A hauteur de cour, et tenant l’ouverture de la procédure collective, les juges du second degré n’ont pu que réformer l’ordonnance querellée, non pas en raison de la bonne foi du preneur, mais de l’application stricte et rigoureuse des règles d’ordre public qui gouvernent le droit des entreprises en difficulté.
D’abord, rappelle la cour, aux termes de l’article L.622-21 du code de commerce, est interrompue ou interdite toute action en justice exercée par un créancier contre un débiteur faisant l’objet d’une procédure collective ayant pour objet le paiement de sommes d’argent ou la résolution d’un contrat pour défaut de paiement d’une somme d’argent.
En l’espèce, l’instance introduite par le bailleur avait tant pour objet le paiement d’une somme d’argent que la résolution du contrat de bail de sorte que l’instance ne pouvait plus se poursuivre devant la cour en raison de l’ouverture de la procédure collective.

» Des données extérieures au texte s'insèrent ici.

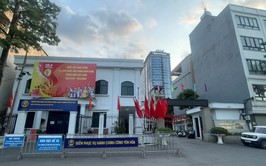 Phường Yên Hòa đẩy mạnh công tác trang trí trực quan, tuyên truyền chào mừng kỷ niệm ngày Giải phóng miền Nam (30/4) và Quốc tế Lao động (01/5)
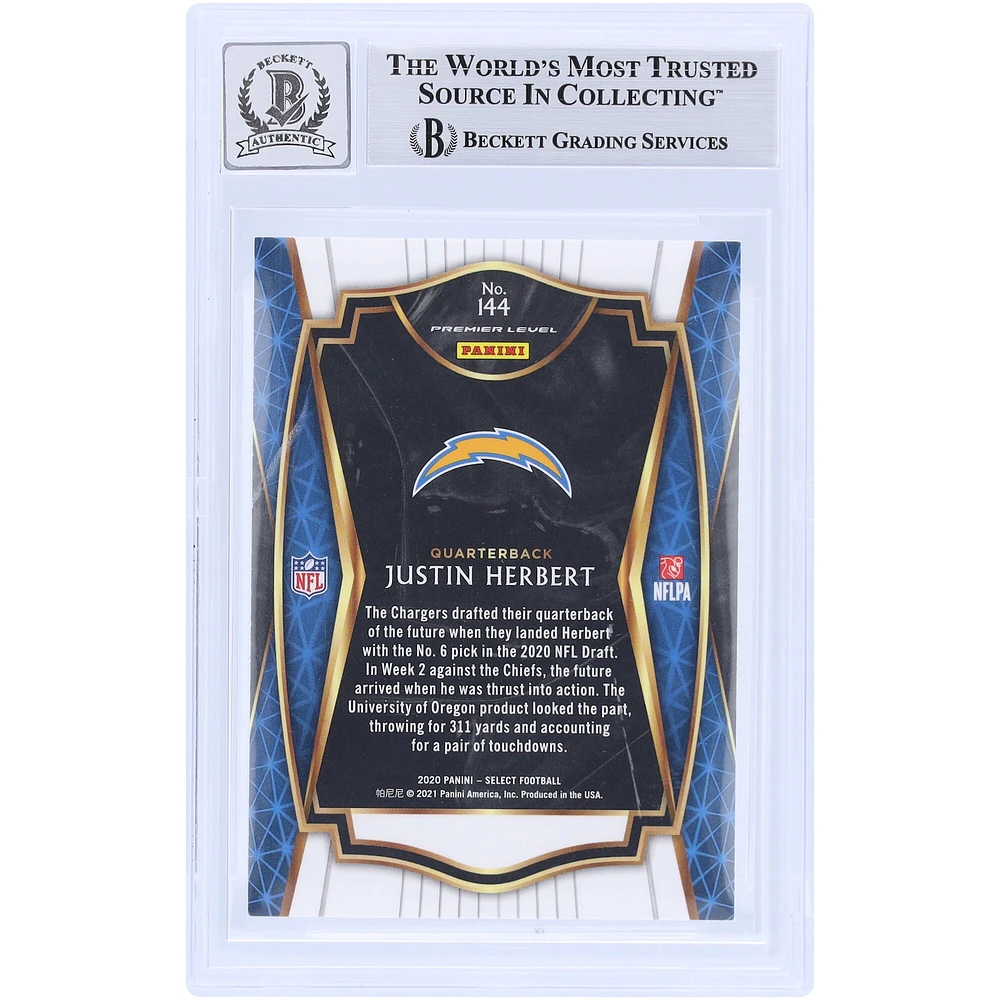 Justin Herbert Los Angeles Chargers Carte de recrue Panini Select #144 2020 autographiée Beckett Fanatics Witnessed Authenticated 9/10 Rookie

Ensuite, la cour rappelle qu’il est constant que l’expulsion n’est acquise que dès lors que la décision l’ayant ordonnée est passée en force de chose jugée au jour de l’ouverture de la procédure collective du preneur, ce qui n’était pas le cas en l’espèce.
La décision est donc réformée, la cour disant n’y avoir lieu a référé en raison de l’existence de contestations sérieuses.
Que faut-il retenir ?
Quelles sont les actions que peut entreprendre un bailleur lorsque le locataire ne paie pas son loyer ?
Lorsqu’un locataire cesse de payer son loyer, le bailleur peut lui délivrer un commandement de payer sous un mois, en vertu de la clause résolutoire insérée dans le bail. Si le locataire ne répond pas au commandement de payer et ne règle pas les arriérés, la clause résolutoire s’active et le bailleur peut alors demander l’expulsion du locataire par voie judiciaire, généralement en référé.
Comment la procédure collective affecte-t-elle le processus d’expulsion ?
Selon l’article L.622-21 du code de commerce, toute action en justice contre un débiteur en procédure collective est interrompue ou interdite si elle concerne le paiement de sommes d’argent ou la résolution d’un contrat pour défaut de paiement. Par conséquent, si une procédure collective est ouverte et que la décision d’expulsion (pour des faits antérieurs à l’ouverture de la procédure collective) contre le locataire n’est pas passée en force de chose jugée (c’est-à-dire définitivement jugée), le juge ne pourra que rejeter la demande.